Relevant reading are the MSDN pages on x64 calling conventions and on stack usage.
What is clang doing?
We will move a bit quicker here. This code is compiled for Linux x64, and Linux x64 uses the SystemV ABI. By coincidence, rbx
is also non-volatile there, which is why it is used in the same way as on MSVC. The argument for f1
is passed in XMM0
. The rules for determining which arguments are passed and how are more complicated on System V but in this case result in using an SSE register.

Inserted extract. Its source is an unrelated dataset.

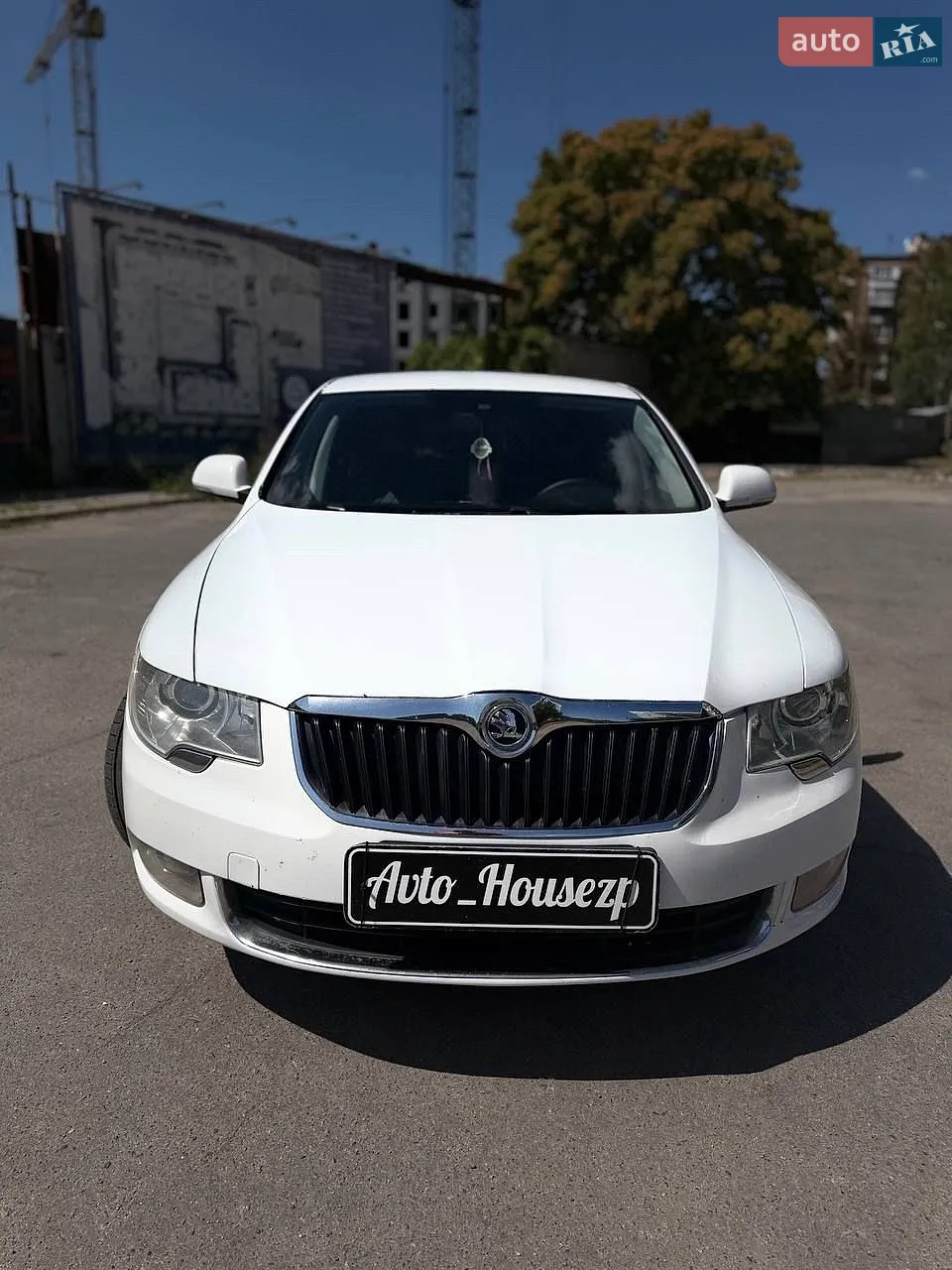 2010 Skoda Superb - мініатюра 2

The System V ABI is documented in the PDF on this repository (it took me multiple unsuccessful attempts to understand it, it is less straight-forward than the Windows x64 ABI).
The F4 struct
Now for the larger struct. Here is what MSVC is doing:
int g4(int) PROC
push rbx
sub rsp, 48
mov ebx, ecx
xorps xmm0, xmm0
lea rcx, QWORD PTR $T1[rsp]
movdqa XMMWORD PTR $T1[rsp], xmm0
call void f4(F4)
lea eax, DWORD PTR [rbx+1]
add rsp, 48
pop rbx
ret 0
int g4(int) ENDP
Most of this is identical to F1
. The difference is that it is clearing XMM0
(xorps xmm0, xmm0
), then writes it to the stack, and loads the address of the value we wrote to the stack into rcx
. It is impossible to tell from this specific callsite alone, but this is what is happening: The calling convention does not allow you to pass types larger than 64bit in a register. Our type is 128bit, which would fit into XMM0
, but by convention we can’t use that. We instead have to put the argument onto the stack (that’s where the 16 extra bytes of stack allocation come from) and then load its address into the first argument rcx
and pass the pointer to the function.
Clang has a different take on this:
g4(int):
push rbx
mov ebx, edi
xorps xmm0, xmm0
xorps xmm1, xmm1
call f4(F4)@PLT
inc ebx
mov eax, ebx
pop rbx
ret
This is almost identical to the F1
case, except that we are now using two registers to pass our struct. This is surprising: Our struct fully fits into a single XMM
register. Why do we use two, of all things? Well, the System V ABI works on eight byte chunks when considering structs. This struct is 16 bytes total, and both of the chunks can be passed in an SSE register.
Closing thoughts
As you can see, neither calling convention ends up putting the four floats into a single register, even though a x64 machine is always going to have 128 bit SSE registers available. Structs with integers in them would not be able to use XMM registers anyway and would end up going through the stack or split across 64bit registers (if <= 128 bits on System V, and if <= 64 bits on Windows).
What could we do different?
- For this specific case on System V, you can use
__m128
directly. System V special-cases__m128
. - For this specific case on Windows x64, you can use
__m128
and mark your function as__vectorcall
. This is an alternative calling convention that is available on x64, which will pass__m128
in registers. Otherwise it will go via the stack. (In pre-x64 days, lots of different conventions existed, but now it’s just two on Windows.) - Inline the function aggressively.
- Ignore the calling convention and write the assembly out manually.
The last point should be approached with a lot of caution. It is clear that every function call is a data-passing bottleneck and you can probably do better in every single case, but that is probably only worth it in hotspots – applied everywhere at scale, but then you are paying for it. For example, the Go compiler on Windows generates code that is not compatible with the Windows x64 calling convention. To my knowledge, this was done to be able to efficiently implement their version of coroutines, which are a central feature of the language. The cost of that is that typical stack-unwinding code stops working for Go-code, and entirely classes of tools stop working (e.g. anything based on Event-Tracing for Windows (ETW)). The C# runtime CoreCLR is also side-stepping the default ABI (on ARM64) for commonly used writes barriers.